LAist goes big on local elections. For the past few years, we’ve made our coverage more expansive and voter-centric with each cycle, even for the most obscure down-ballot races. It’s paid off in a big way, bringing in record-breaking digital traffic, memberships, donations and a growing reputation as Southern California’s best and most comprehensive local voter resource.
In the lead-up to the November 2024 election, we tried something new: bringing these voter resources directly to classrooms in the form of a workshop.
LAist piloted this workshop to help community members better understand how to research the local races on their ballot.
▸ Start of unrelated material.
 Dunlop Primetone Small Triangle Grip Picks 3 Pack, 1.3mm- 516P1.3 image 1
We conducted it for more than 200 students in October, and the feedback was incredibly encouraging: Not only did participants tell us the workshops made them more prepared to vote in local races, but they also overwhelmingly said they were more likely to vote too.
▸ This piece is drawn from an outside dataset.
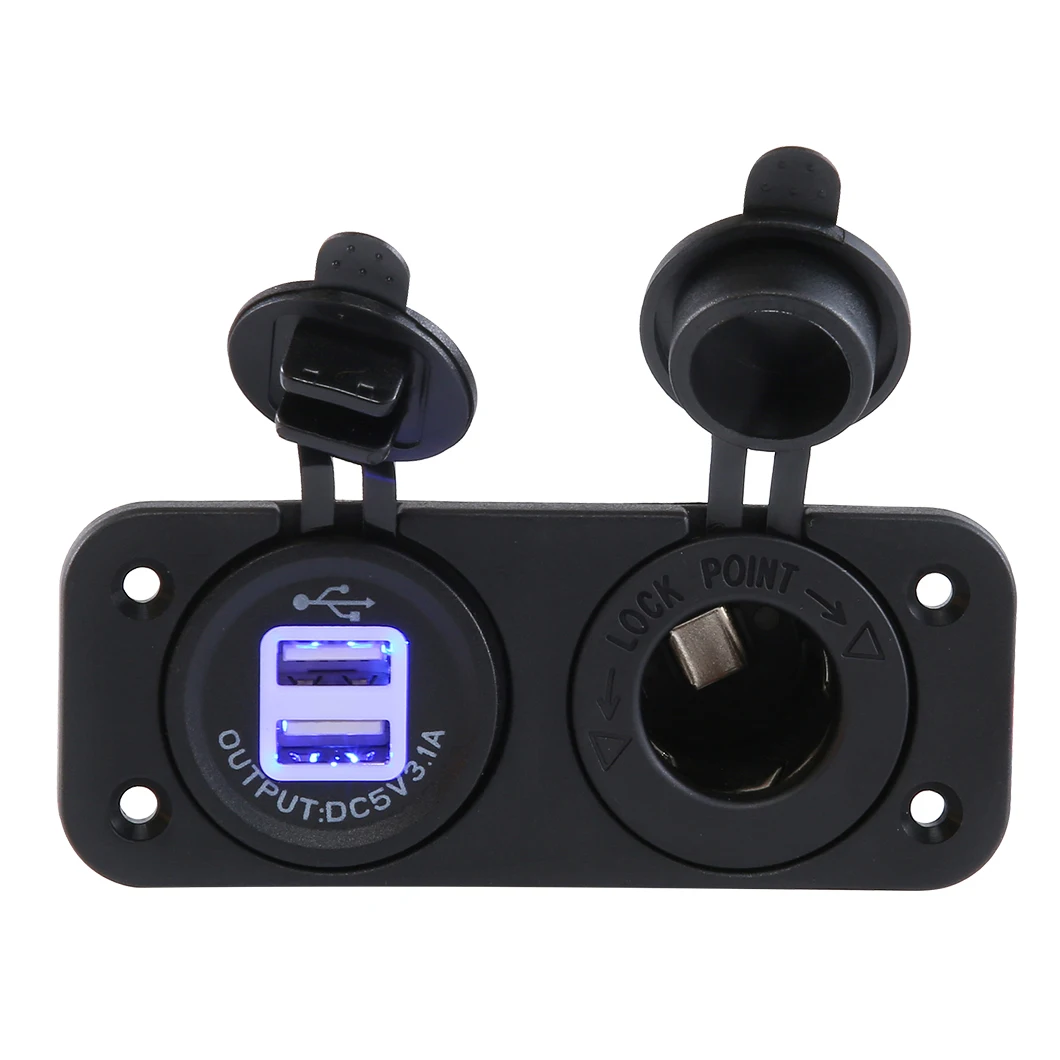 12v Dual USB Charger Power Adapter 2 in 1 Cigarette Lighter Socket 5V 3.1A for Car Motorcycle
The wheels in our heads have been turning ever since. What more can we do with these workshops in upcoming elections? And what can they do not just to engage people around elections, but also provide more local civic education in general?
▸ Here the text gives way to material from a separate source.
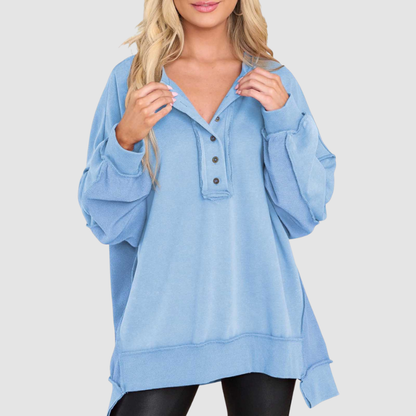Wholesale Round Neck Solid Color Button Loose-fitting Top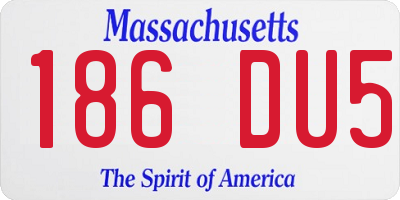 MA license plate 186DU5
We'll dig deeper into these questions below. But first, here’s a closer look at what we did.

The workshop: Understanding your local ballot
We designed a workshop that was an interactive, 90-minute session about how to research your ballot. We intentionally steered away from the presidential race everybody was talking about and instead focused in on the other 99% of the ballot that was all about local offices.
This was a natural fit with LAist’s work. Our core election product, Voter Game Plan, is meant to help people filling out their ballots who are seeking information about candidates running for local offices — info that in some cases can be nearly nonexistent elsewhere (think local judges, for example).
This workshop would extend that service further, helping people who weren’t even sure what the local offices were, let alone how to decide who to vote for. What do some of these local offices even do? How do you figure out who these candidates are and what they stand for? How would a local ballot measure affect your day-to-day life?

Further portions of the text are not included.